[Task brief] No pictures belong in the copy. Retype exactly, and only, the stretch of lines below from the one with "this 450×320 image." through the one with "this 260×195 image.".

[Input for this task]
>>

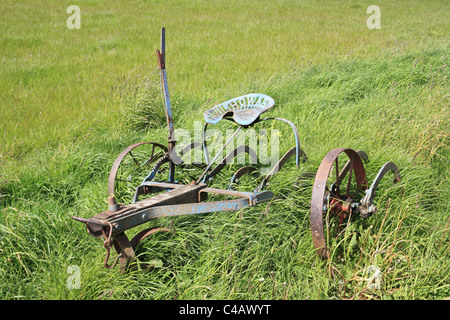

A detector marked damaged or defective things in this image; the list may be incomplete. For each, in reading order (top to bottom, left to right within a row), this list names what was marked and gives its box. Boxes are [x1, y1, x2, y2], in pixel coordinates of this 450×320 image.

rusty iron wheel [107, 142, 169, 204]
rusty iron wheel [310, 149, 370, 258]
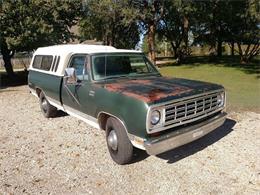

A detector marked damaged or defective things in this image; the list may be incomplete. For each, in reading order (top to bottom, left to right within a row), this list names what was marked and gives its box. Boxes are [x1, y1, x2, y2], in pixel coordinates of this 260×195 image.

<<
>>

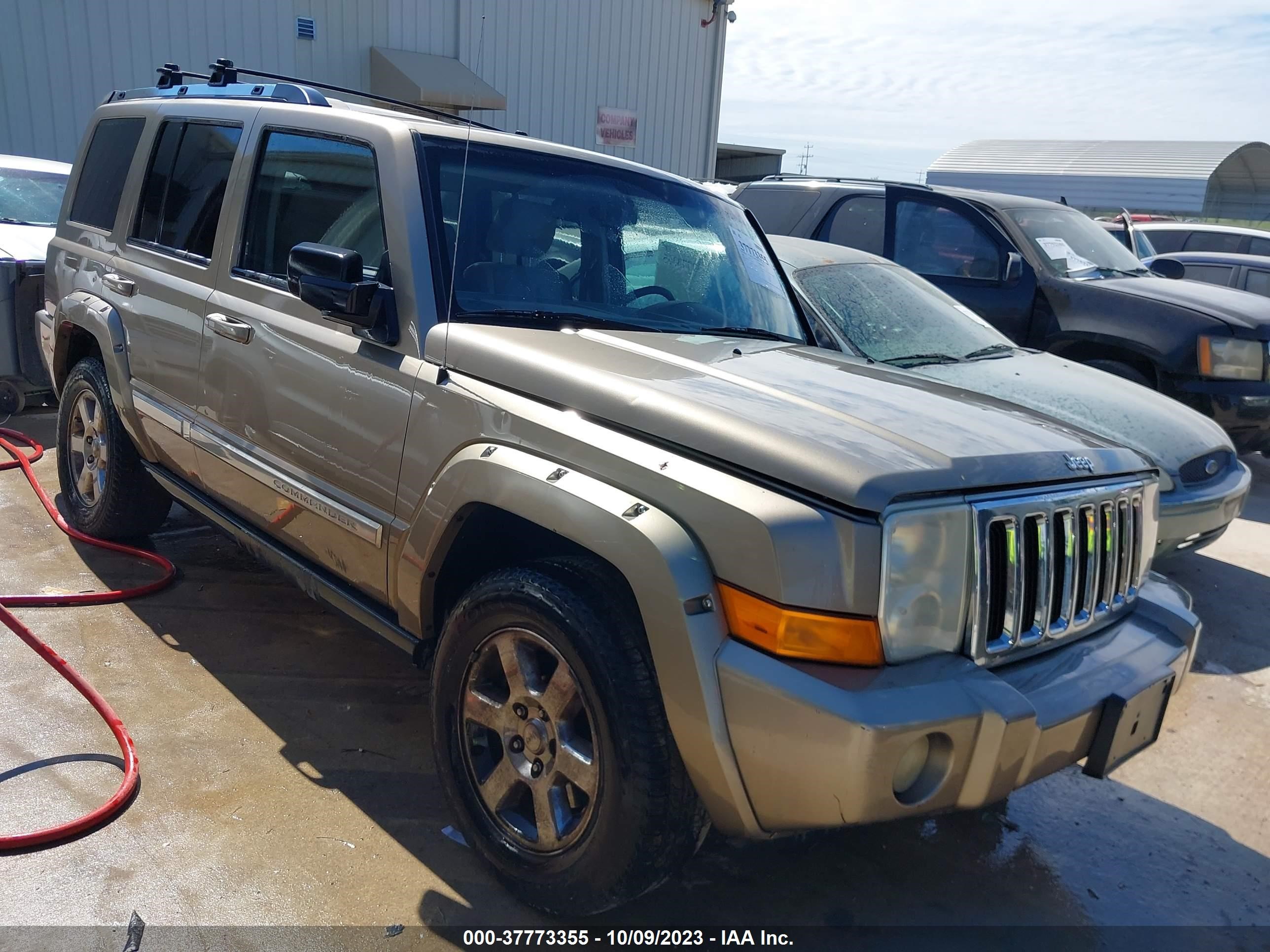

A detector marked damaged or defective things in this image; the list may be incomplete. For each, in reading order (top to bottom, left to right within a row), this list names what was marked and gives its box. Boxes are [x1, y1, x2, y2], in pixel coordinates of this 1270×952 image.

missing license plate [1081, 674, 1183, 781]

<<

[Reply to the task]
A detector marked damaged or defective things in this image; the list may be incomplete. For each, in reading order (top to bottom, left to right within a row), this list names what was marked and gives its box. Boxes are [x1, y1, x2, y2], in pixel coordinates of this 450×320 image.

rusty iron wheel [107, 142, 169, 204]
rusty iron wheel [310, 149, 370, 258]

A detector marked damaged or defective things in this image; the list may be incomplete. For each, in reading order (top to bottom, left to right within a row), this list names what was marked and gives its box. Boxes are [x1, y1, x2, y2], in pixel coordinates of this 260×195 image.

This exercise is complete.